Technology - Basic $20 tablets are rolled out to Indian students
While schools across the developed world spend hundreds of pounds on the latest tablet computers for their students, schoolchildren in India are getting their hands on pieces of kit costing just $20 (#163;13) each.
A technology company that has offices in England, Canada and India has produced the ultra-low-cost tablet, with the intention of targeting the developing world's education sector, starting with the Indian subcontinent.
The tablets usually cost $40 each but the Indian government is subsidising half the cost - it hopes that the new computers will save it millions by removing the need for supplies such as textbooks.
Suneet Singh Tuli, chief executive of Datawind, said the company was able to manufacture the device so cheaply partly by squeezing supply chain margins, but most importantly by developing its own touch-screen technology.
"We focused on disruptive innovation by deploying 'good enough' features and technology, instead of trying to create an iPad killer," Mr Tuli said. "For people whose monthly salary is $200, getting good-enough functionality is more important than all the bells and whistles that put products out of their reach."
The development comes as governments around the world are increasingly looking to provide their school students with personal tablets.

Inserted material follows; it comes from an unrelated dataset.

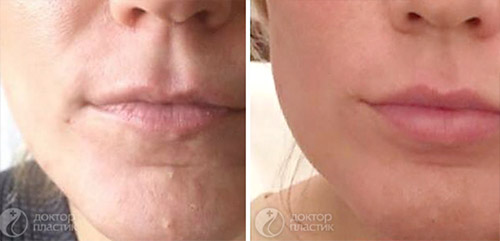 омоложение и увеличение губ (до 50 лет)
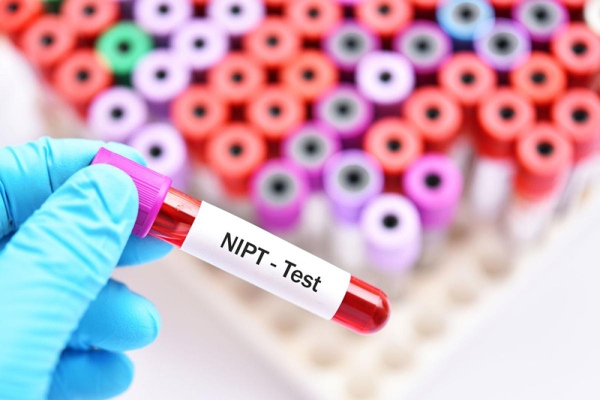 gói xét nghiệm NIPT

The US is aiming to give each of its students one-to-one access by 2016; Singapore, Turkey and Jamaica have similar targets.
Just last week, TES reported that the decisions by other governments to provide one-to-one access to tablets could have a knock-on effect in UK schools ("Governments seek tablets for all as takeover continues", 2 August).
Early research into the area in the UK has found that tablets can promote independent learning and boost motivation among students, but there are significant barriers to the effective use of tablets, such as poor wi-fi connectivity in schools.
Similar concerns have been raised in Kenya, where the government intends to give individual laptops to its 1.3 million students starting primary school, despite 90 per cent of schools not having electricity.